Documents are split into smaller chunks using configurable separators (paragraphs, sentences, newlines) based on the document type and domain. This chunking strategy preserves context boundaries, splitting at meaningful semantic breaks rather than arbitrary character limits, ensuring that retrieved chunks contain cohesive information relevant to user queries.
Before insertion into the vector database, identical or nearly-identical chunks are detected and removed. Deduplication reduces storage overhead, improves search performance by eliminating redundant results, and prevents LLM context from being polluted with duplicate information that wastes token limits.
Chunks and embeddings are inserted into ChromaDB in configurable batches (default 300 chunks per batch) rather than one-by-one.

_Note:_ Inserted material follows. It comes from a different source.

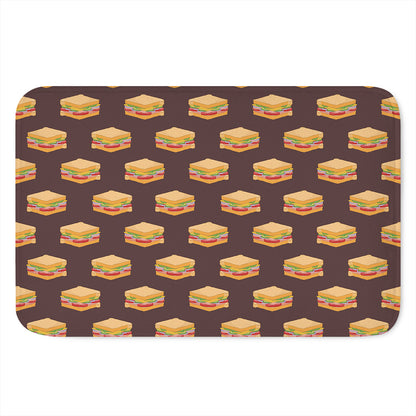 Brown Sandwiches Pattern Print Indoor Door Mat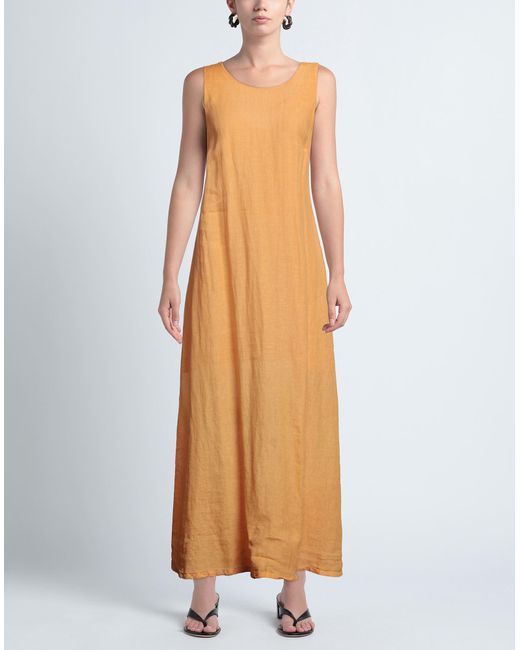 120% Lino Orange Maxi Dress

Batch processing dramatically reduces API calls and execution time, while respecting database constraints and memory limits. The free tier limits batch insertions to 300 records maximum, requiring larger document collections to be split into multiple 300-record batches, while paid tiers support larger batch sizes for more efficient processing.
Document retrieval uses cosine similarity (measuring the angle between vector embeddings) combined with HNSW (Hierarchical Navigable Small World) indexing. HNSW is a fast approximate nearest neighbor algorithm that reduces search complexity from O(n) to logarithmic time, enabling instant semantic search even on large document collections while maintaining accuracy.

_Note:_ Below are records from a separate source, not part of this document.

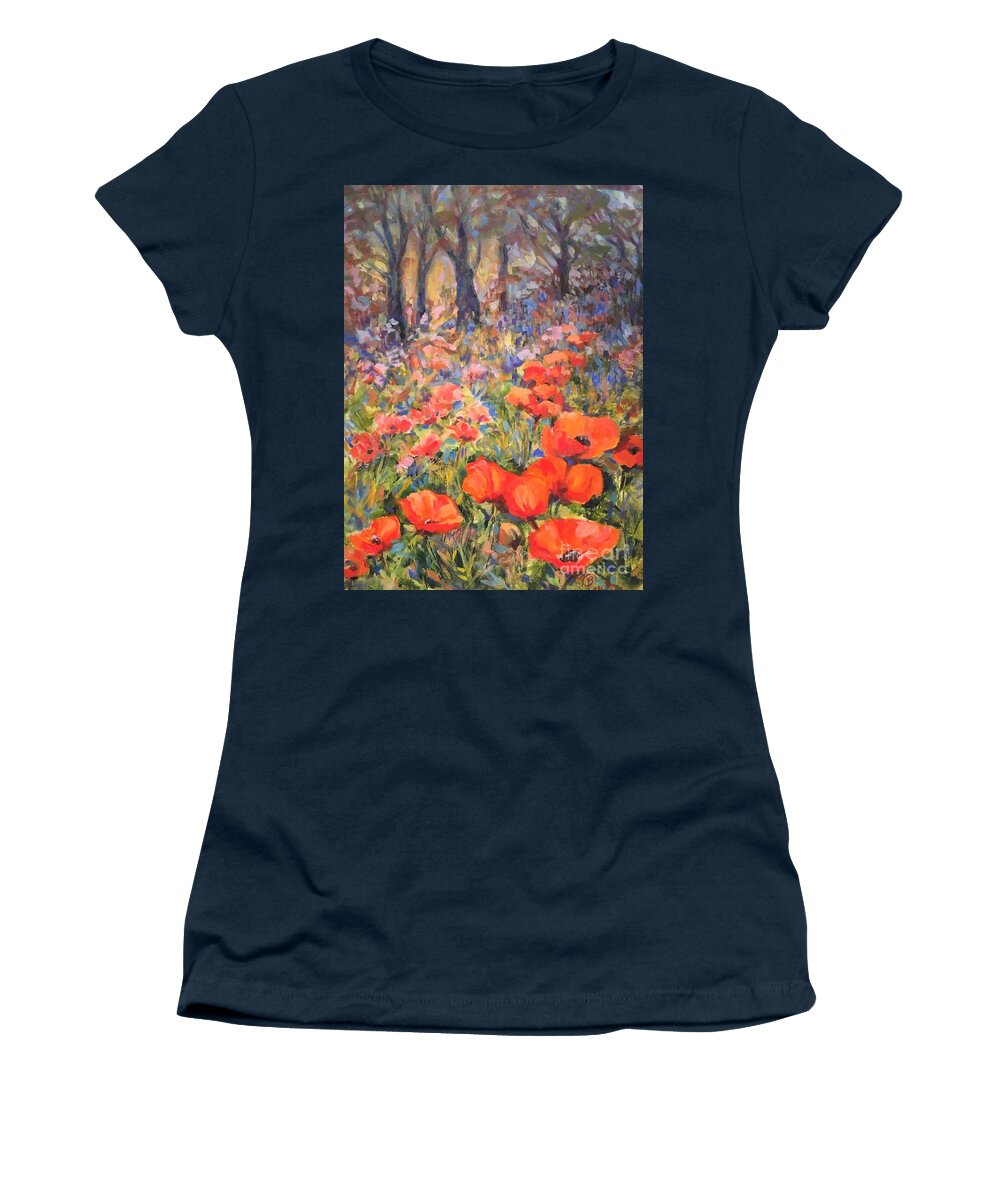 Poppies Women's T-Shirt featuring the painting Lake Placid Poppies by B Rossitto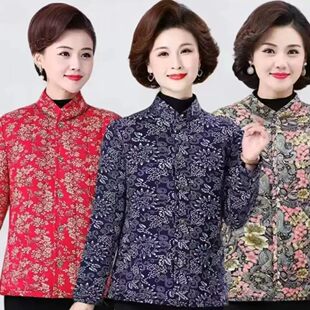 反季清仓中老年加厚碎花棉袄保暖加肥大码妈妈花棉袄冬季长袖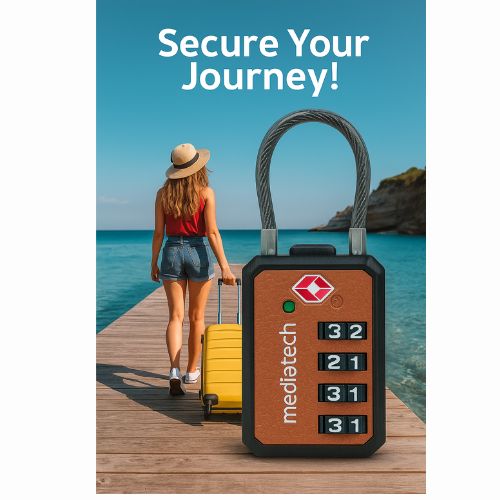 Mediatech Gembok Koper TSA - Kombinasi 4 Dial TSA Suitcase Lock Gembok TL 05 470126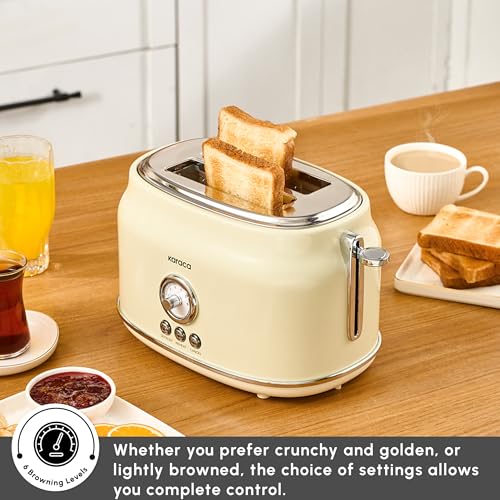 Karaca Retro 2 Slice Toaster Cream, 815w Cream – Stainless Steel Toaster with Adjustable Browning, Defrost, Reheat & Crumb Tray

Retrieval is controlled by two parameters: k (number of top results to return, typically 5-10) determines how many candidate documents are retrieved, while distance_threshold (typically 0.35 distance = 0.65 similarity on cosine scale) filters results by relevance. Together they ensure only semantically similar documents are used as context, preventing irrelevant information from biasing the LLM response.
The system automatically detects questions about itself (e.g., "What features do you have?", "How do you work?", "What are your limitations") using pattern matching, and responds by dynamically extracting relevant sections from the README file. This eliminates unnecessary document retrieval for system-related queries and provides always up-to-date information directly from project documentation without the risk of hallucination. Additionally, the system includes safeguards to detect and appropriately handle sensitive questions (e.g., requests for credentials, API keys, personal data, output constraints, etc.) by declining to process them or routing them to secure channels, preventing accidental exposure of confidential information.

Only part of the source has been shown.